Investigation showed that the problem is in writing to nonzero attachments of a framebuffer objects. I managed to reproduce the problem with a minimal test on RX550, RX590 and RX400 series hardware.
I prepared a minimal test pack, where the application creates an FBO with six RGBA UNSIGNED_BYTE attachments and renders 100 fullscreen rects per frame to it. There are four executables with four patterns of writing:
1) Writing shader output 0 to attachment 0. Only output 0 is routed to the framebuffer with glDrawBuffers. All other outputs are set to GL_NONE.
2) Same as 1), but with output and attachment 1.
3) Writing output 0 to attachment 0, but all six shader outputs are routed to attachments 0..6 respectively, and all drawbuffers except 0 are masked with glColorMaski.
4) Same as 3, but for attachment 1.
I run all tests on two machines with almost similar CPUs and following GPUs:
AMD Radeon RX550, driver version 19.30.01.16
Nvidia Geforce GTX 650 Ti, which is ~2x less powerful than RX550
and got these results (column titles are executable names):
|Radeon RX550||350 FPS||185 FPS||330 FPS||175 FPS|
|Geforce GTX 650 Ti||195 FPS||195 FPS||195 FPS||235 FPS|
We see that when writing to nonzero attachment, AMD is much slower than less powerful nvidia GPU and than itself. Also global masking of drawbuffer output drops some fps.
I also tried to use renderbuffers instead of textures, use other image formats (while the formats in tests are the most compatible ones), render to power-of-two sized framebuffer. Results were the same.
Explicitly turning off scissor, stencil and depth tests does not help.
If I decrease number of attachments or reduce framebuffer coverage by multiplying vertex coords by less then 1 value, test performance increases proportionally, and finally RX550 outperforms GTX 650 Ti.
glClear calls are also affected, and their performance under various conditions fits the above observations.
Pre-built test executables are attached to the post or can be downloaded from Google drive: FillrateTest.zip - Google Drive
Test sources (with MSVS-friendly cmake buildsystem) are available here: https://github.com/sergeyext/FillRate
All four programs show a black window and console with FPS counter.

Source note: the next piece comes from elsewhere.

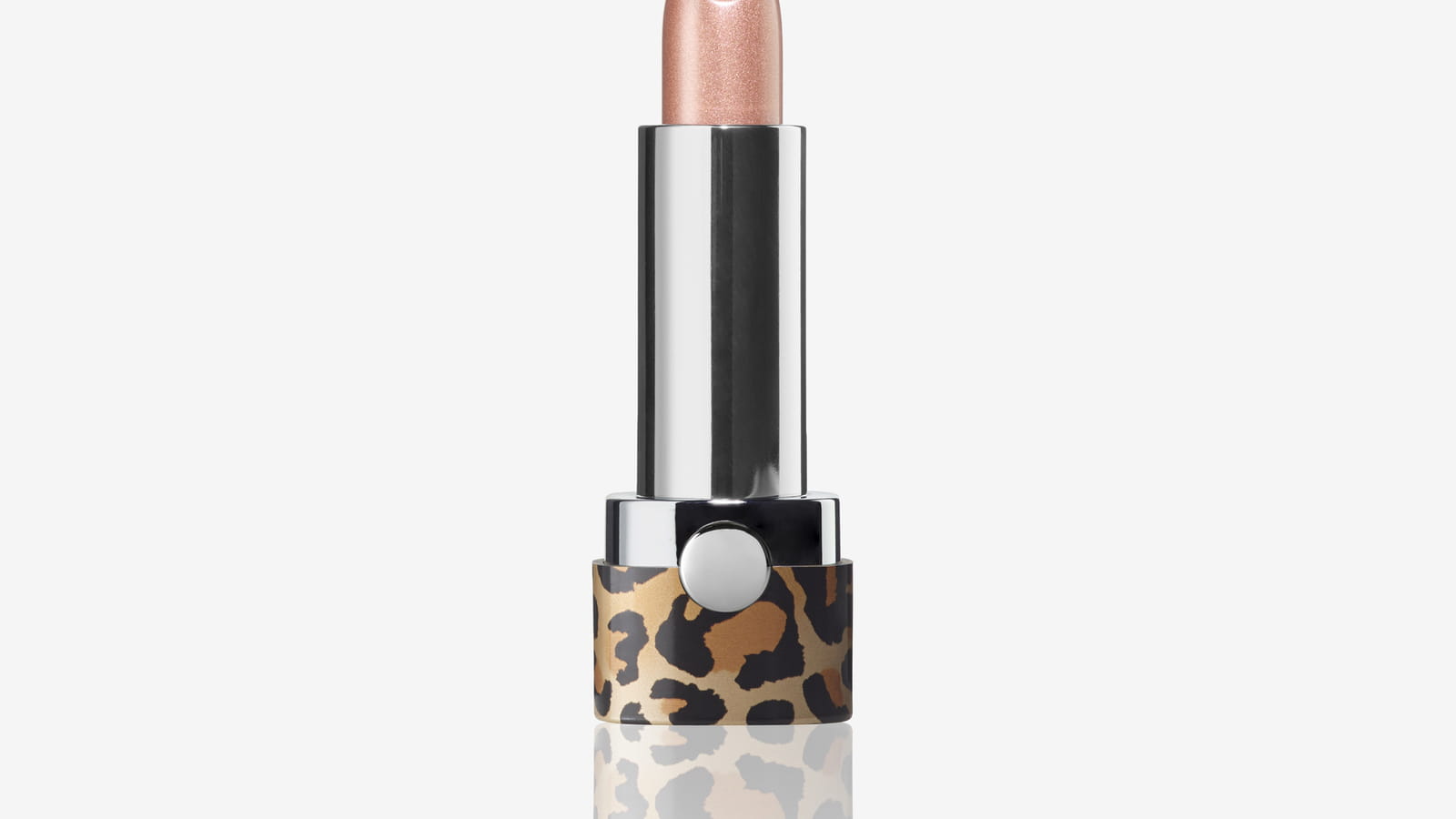Marc Jacobs Beauty
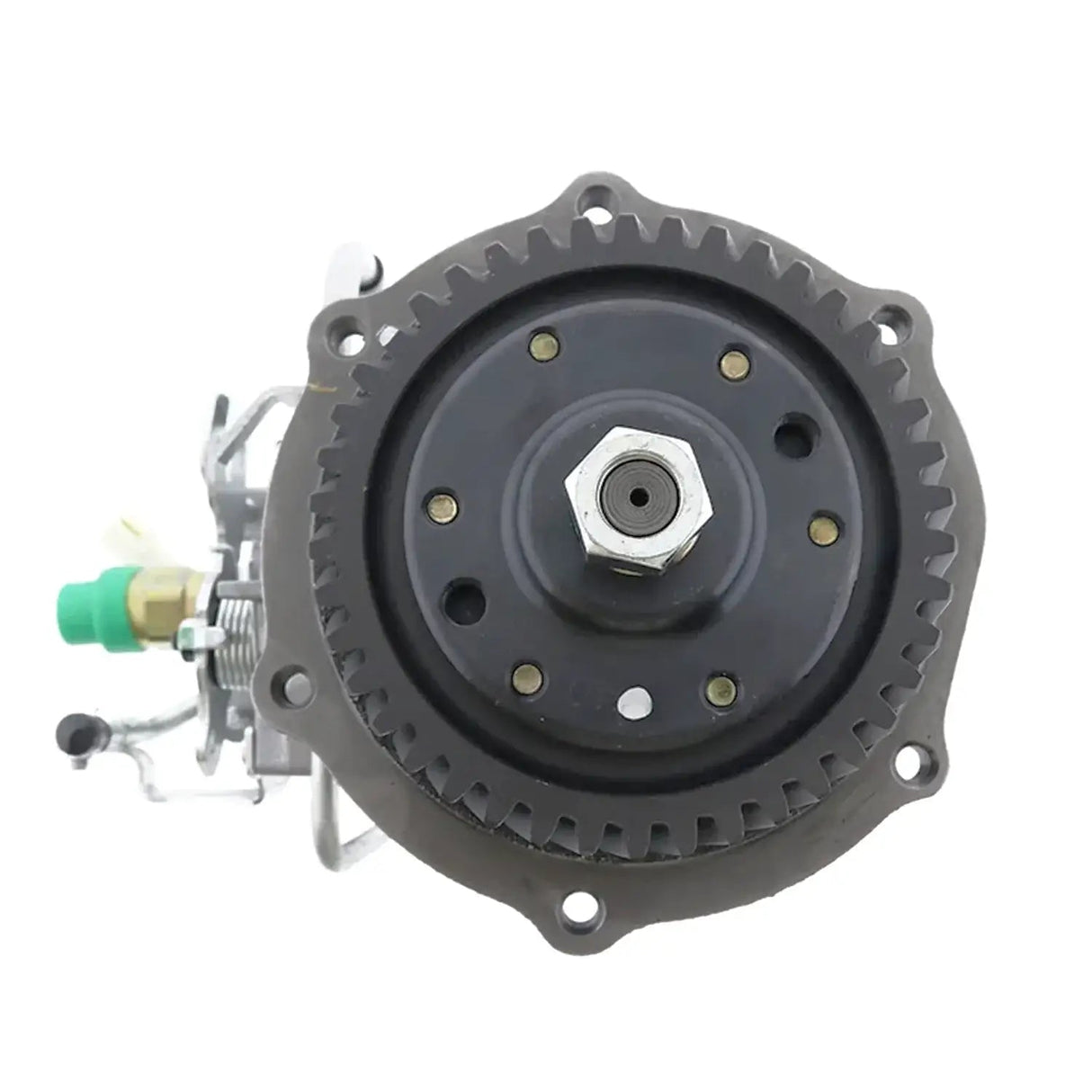 Fuel Injection Pump 104641 - 6211 9461614861 for Isuzu Engine 4JB1 - Fab Heavy Parts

My teammate launched tests on Radeon HD 3000 with Linux natively and using Wine. Both test runs exposed the same huge difference between attachment0 and attachment1 tests.
I can't tell exact driver version, but it's provided by Ubuntu 19.04 repos.
emcc --std=c++17 -O3 -s WASM=1 -s USE_GLFW=3 -s USE_WEBGL2=1 ./FillRate_attachment0_webgl.cpp -o attachment0.html
emcc --std=c++17 -O3 -s WASM=1 -s USE_GLFW=3 -s USE_WEBGL2=1 ./FillRate_attachment1_webgl.cpp -o attachment1.html
Both test programs issue a single drawcall:
glDrawArraysInstanced(GL_TRIANGLES, 0, 6, 1000);
First test: Firefox with default config, i.e. DirectX-backed ANGLE.
Unmasked Vendor: Google Inc.
Unmasked Renderer: ANGLE (Radeon RX550/550 Series Direct3D11 vs_5_0 ps_5_0)
attachment0: 38 FPS
attachment1: 38 FPS
Second test: Firefox with disabled ANGLE, (
webgl.disable-angle = true), using native OpenGL:
Unmasked Vendor: ATI Technologies Inc.
Unmasked Renderer: Radeon RX550/550 Series
attachment0: 38 FPS
attachment1: 19 FPS
We see that DirectX is not affected by the problem, and OpenGL issue is reproducible in WebGL.
Also started a question on Stackoverflow.